#### Task statement:
Where the line containing "Người Sài Gòn" appears, begin retyping; continue exactly through the final line of the data. Omit every picture.
** Opening Exercise input block **
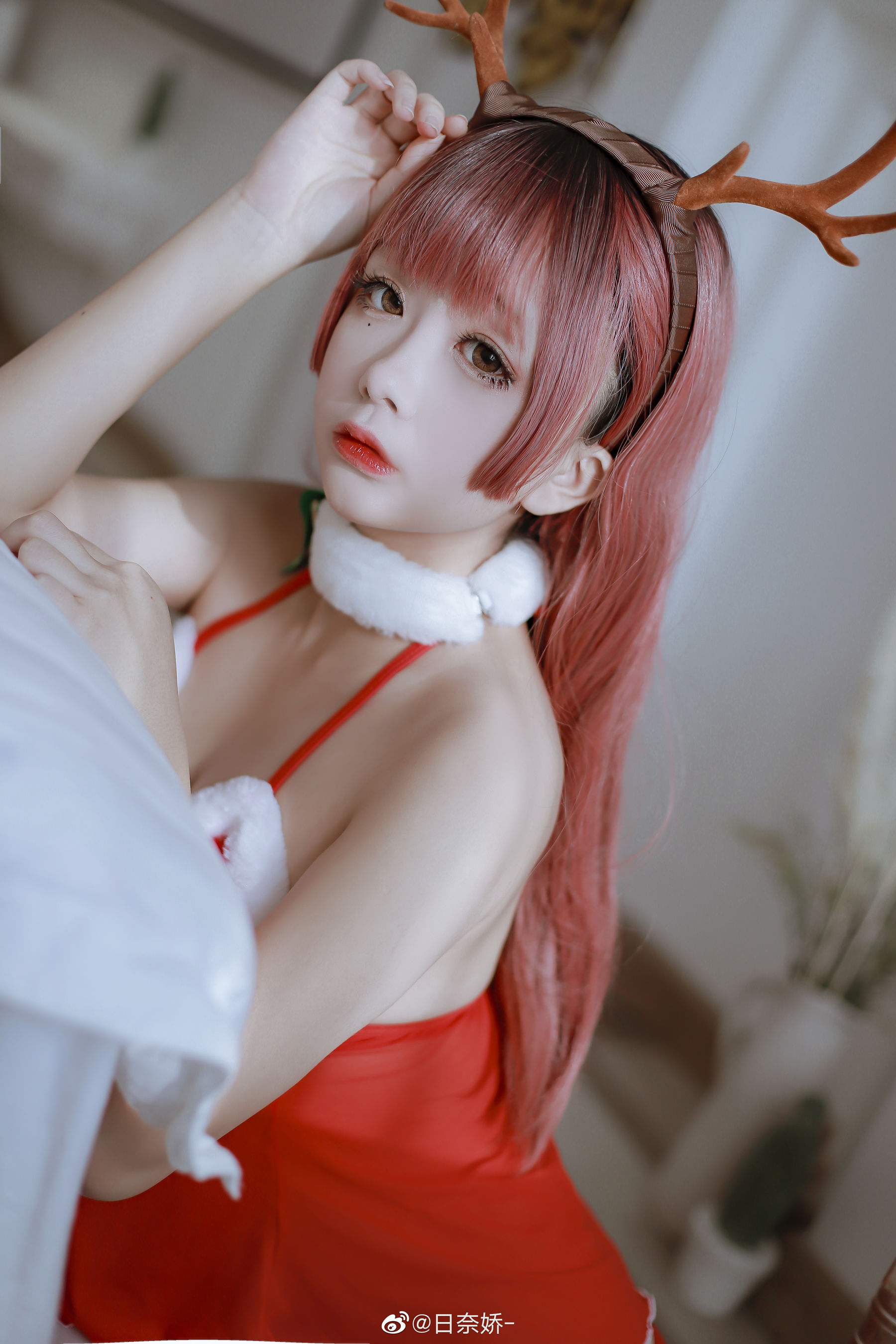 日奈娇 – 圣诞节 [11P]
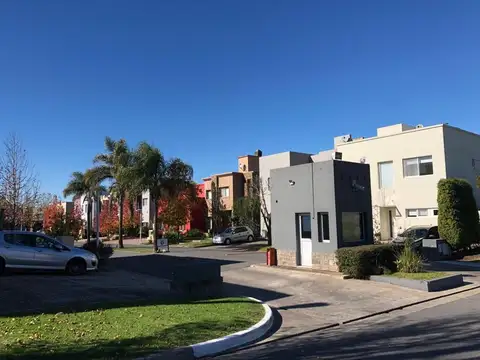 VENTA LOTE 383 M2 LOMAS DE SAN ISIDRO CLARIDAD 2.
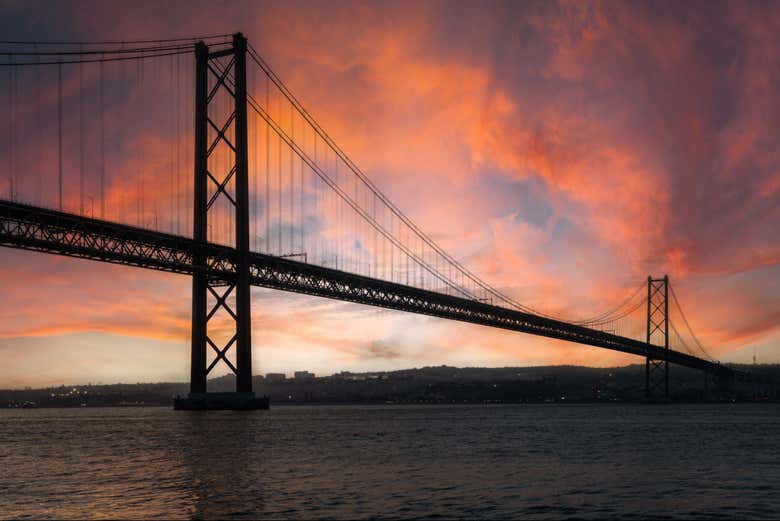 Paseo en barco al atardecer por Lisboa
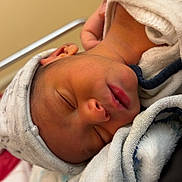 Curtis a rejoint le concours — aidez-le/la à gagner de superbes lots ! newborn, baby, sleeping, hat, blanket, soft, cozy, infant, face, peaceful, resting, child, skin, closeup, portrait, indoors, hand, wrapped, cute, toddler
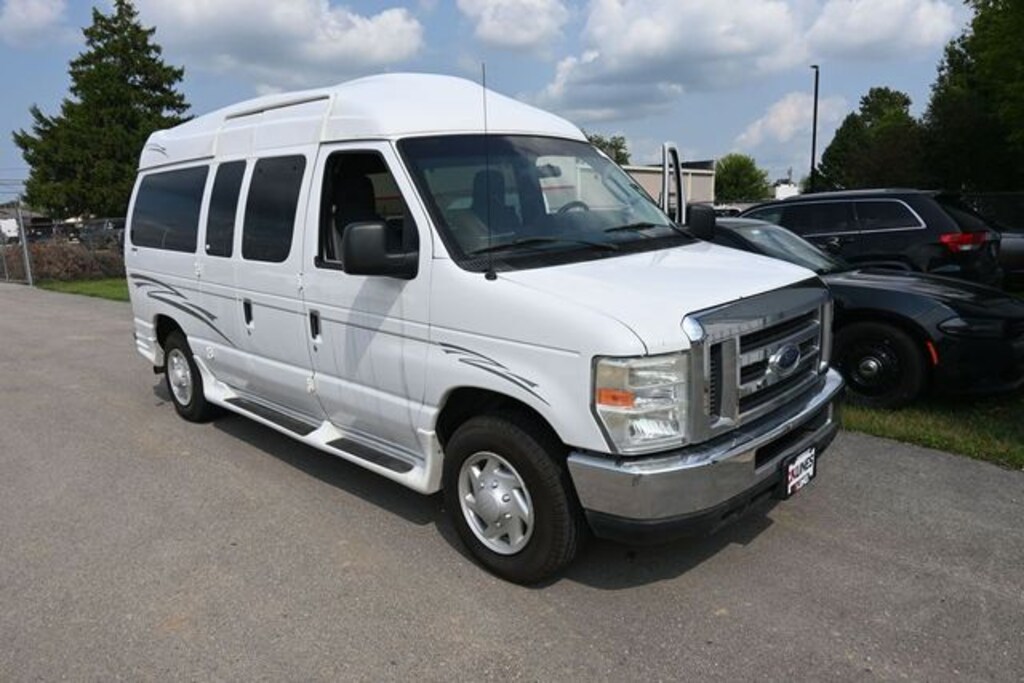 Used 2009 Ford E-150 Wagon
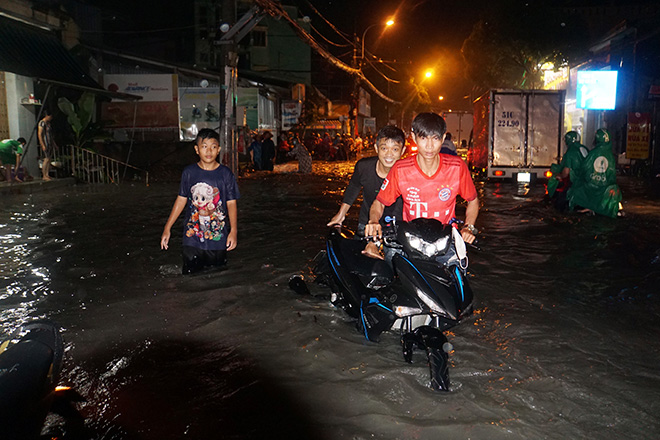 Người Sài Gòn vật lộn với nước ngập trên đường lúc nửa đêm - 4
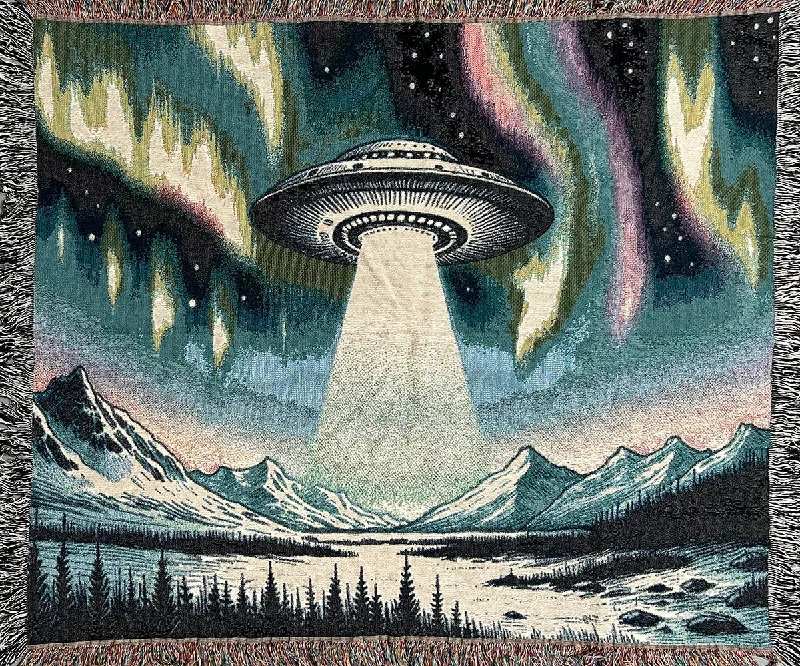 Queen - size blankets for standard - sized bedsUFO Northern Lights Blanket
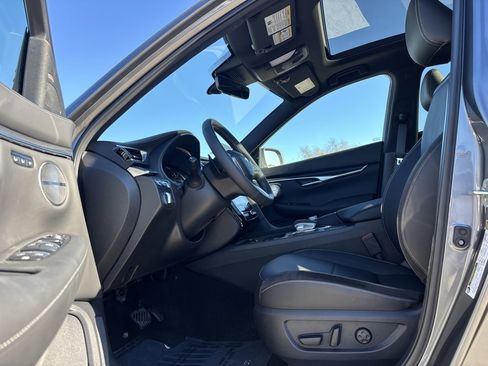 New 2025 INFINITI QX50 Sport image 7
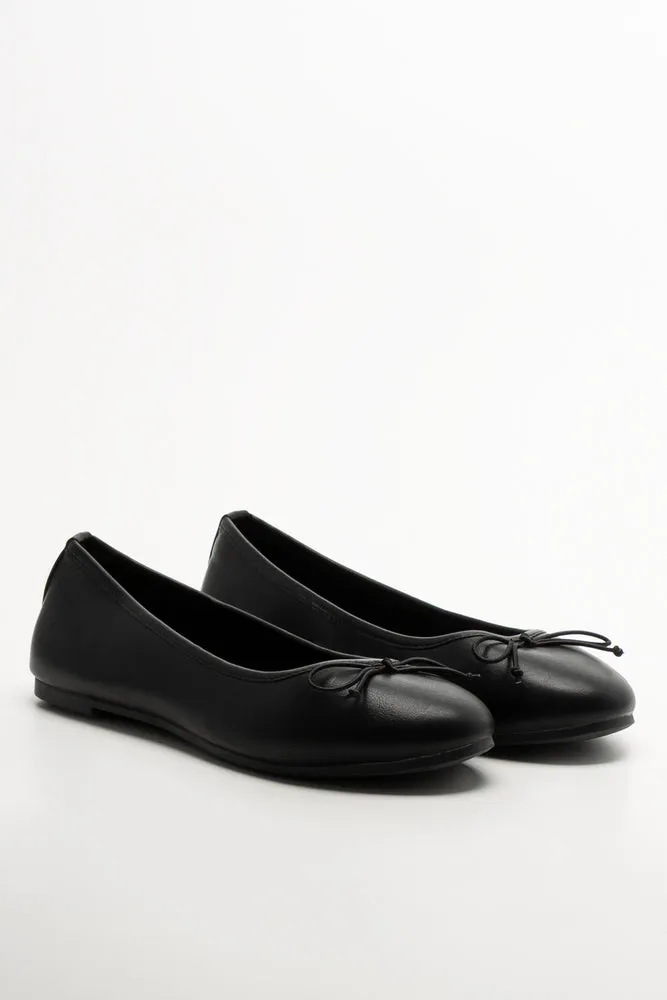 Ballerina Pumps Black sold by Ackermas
** Closing Exercise input block **
#### Result:
 Người Sài Gòn vật lộn với nước ngập trên đường lúc nửa đêm - 4
 Queen - size blankets for standard - sized bedsUFO Northern Lights Blanket
 New 2025 INFINITI QX50 Sport image 7
 Ballerina Pumps Black sold by Ackermas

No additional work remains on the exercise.